SOURCE RECORDS below:

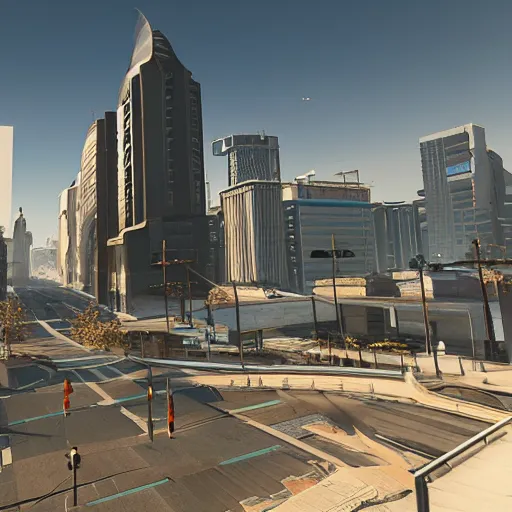 Image similar to panorama,utopia,futurist city streets,sunny,unreal engine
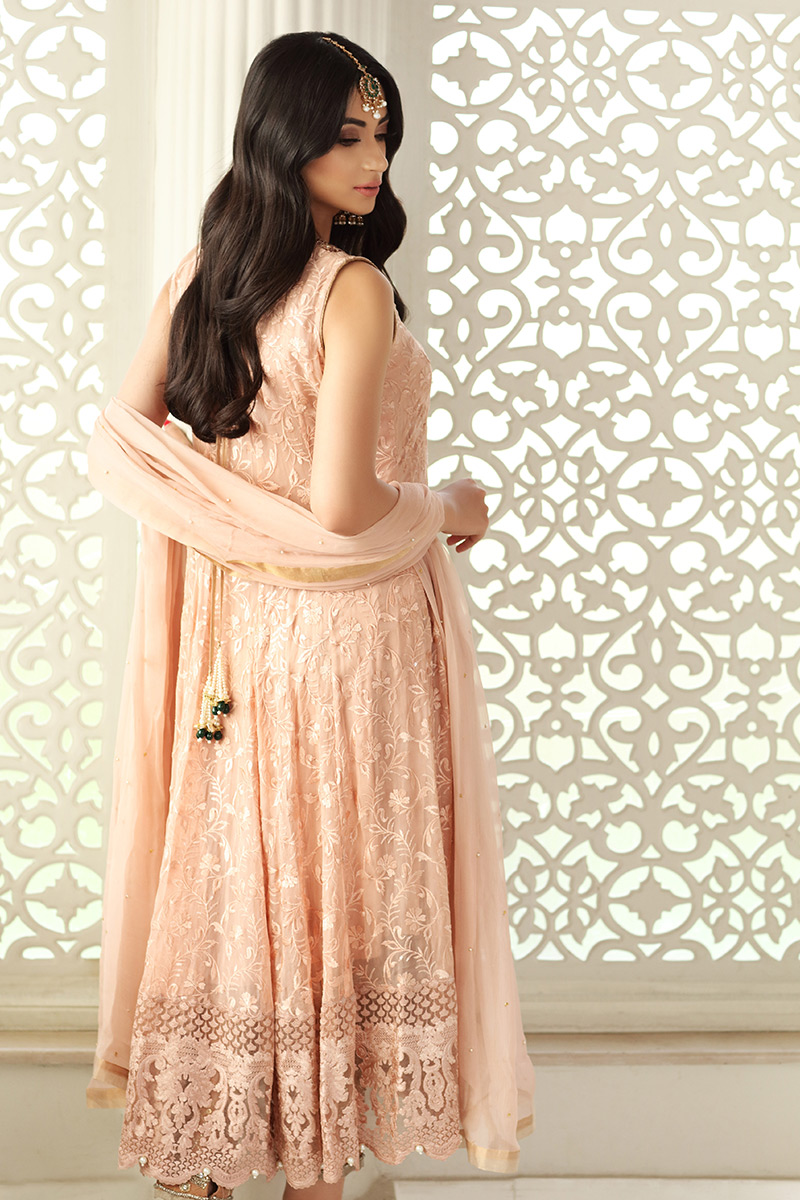 Soft Pink Embellished Chiffon Pishwas (3-Piece) - Image 3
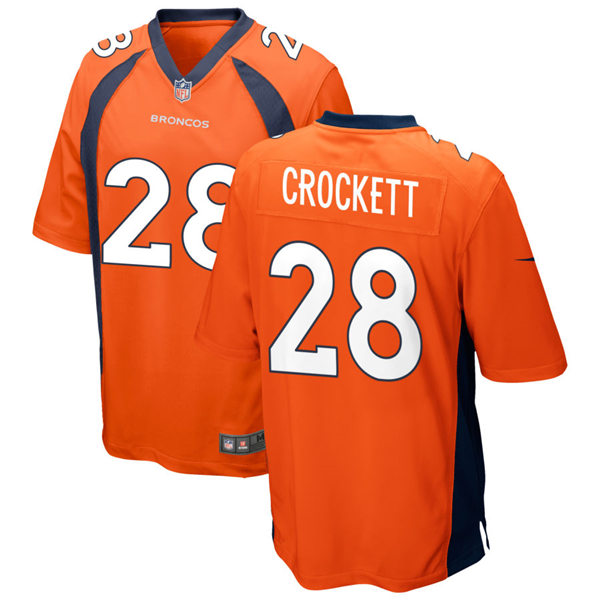 Mens Denver Broncos #28 Damarea Crockett Nike Orange Vapor Untouchable Limited Jersey
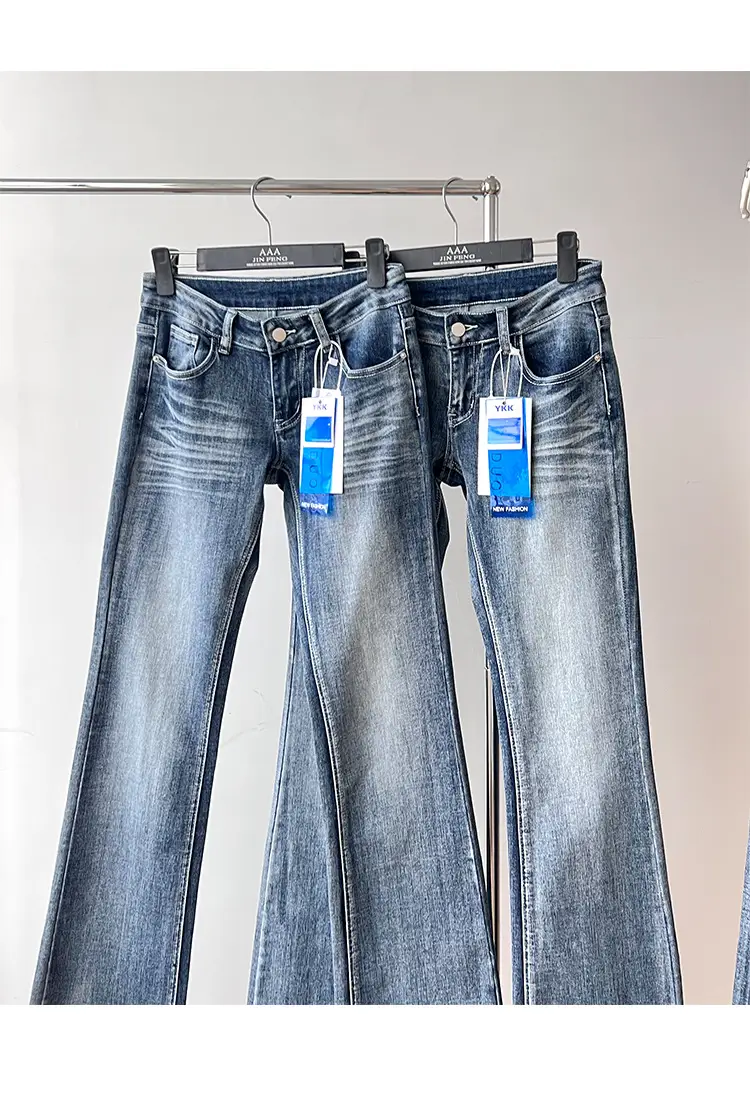 Women Stretch Straight Leg Jeans Dark Blue Slim Fit — feature 8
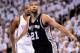 OKLAHOMA CITY, OK - JUNE 06: Tim Duncan #21 of the San Antonio Spurs boxes out against Kendrick Perkins #5 of the Oklahoma City Thunder in Game Six of the Western Conference Finals of the 2012 NBA Playoffs at Chesapeake Energy Arena on June 6, 2012 in Oklahoma City, Oklahoma. NOTE TO USER: User expressly acknowledges and agrees that, by downloading and or using this photograph, User is consenting to the terms and conditions of the Getty Images License Agreement. (Photo by Ronald Martinez/Getty Images)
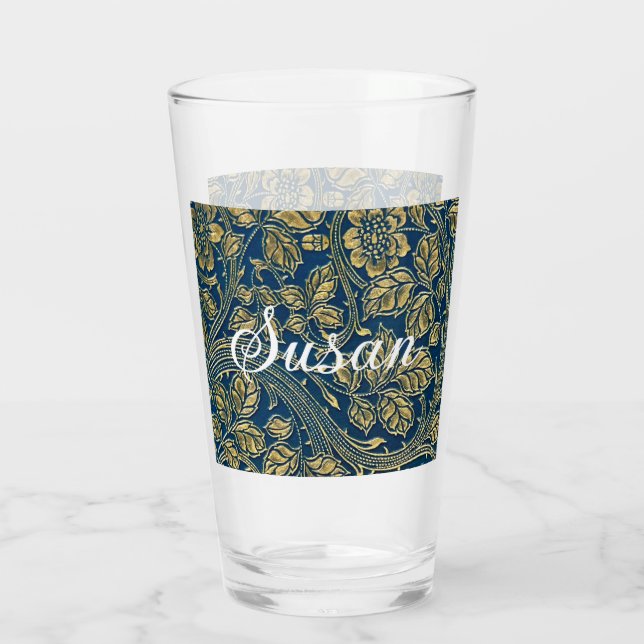 Copo De Pint Elegância Azul Dourada (Verso)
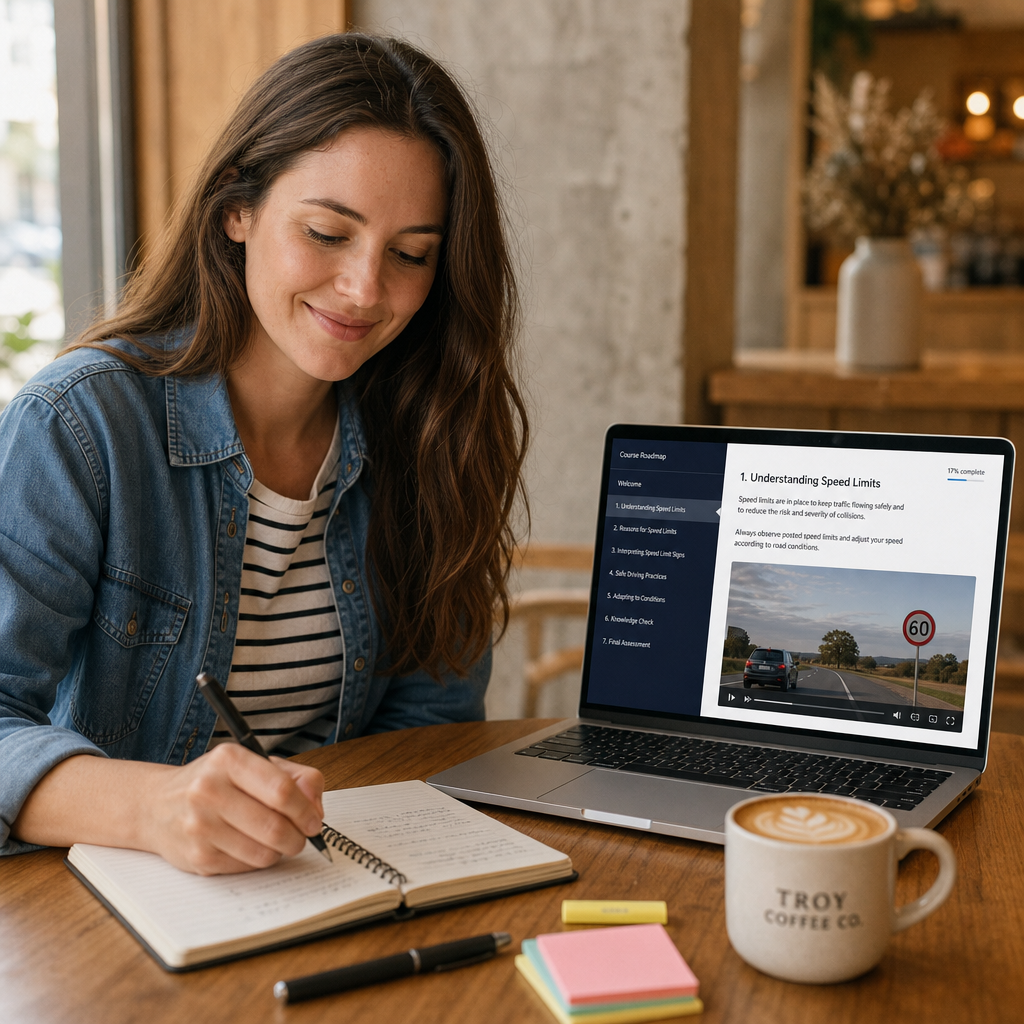 Student taking the NY 5 hour pre-licensing course online in Troy, New York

End of SOURCE RECORDS.

- EXERCISE REQUIREMENTS
In your copy of the listing above, reproduce each line exactly and omit all pictures.

- FINAL ANSWER
 Image similar to panorama,utopia,futurist city streets,sunny,unreal engine
 Soft Pink Embellished Chiffon Pishwas (3-Piece) - Image 3
 Mens Denver Broncos #28 Damarea Crockett Nike Orange Vapor Untouchable Limited Jersey
 Women Stretch Straight Leg Jeans Dark Blue Slim Fit — feature 8
 OKLAHOMA CITY, OK - JUNE 06: Tim Duncan #21 of the San Antonio Spurs boxes out against Kendrick Perkins #5 of the Oklahoma City Thunder in Game Six of the Western Conference Finals of the 2012 NBA Playoffs at Chesapeake Energy Arena on June 6, 2012 in Oklahoma City, Oklahoma. NOTE TO USER: User expressly acknowledges and agrees that, by downloading and or using this photograph, User is consenting to the terms and conditions of the Getty Images License Agreement. (Photo by Ronald Martinez/Getty Images)
 Copo De Pint Elegância Azul Dourada (Verso)
 Student taking the NY 5 hour pre-licensing course online in Troy, New York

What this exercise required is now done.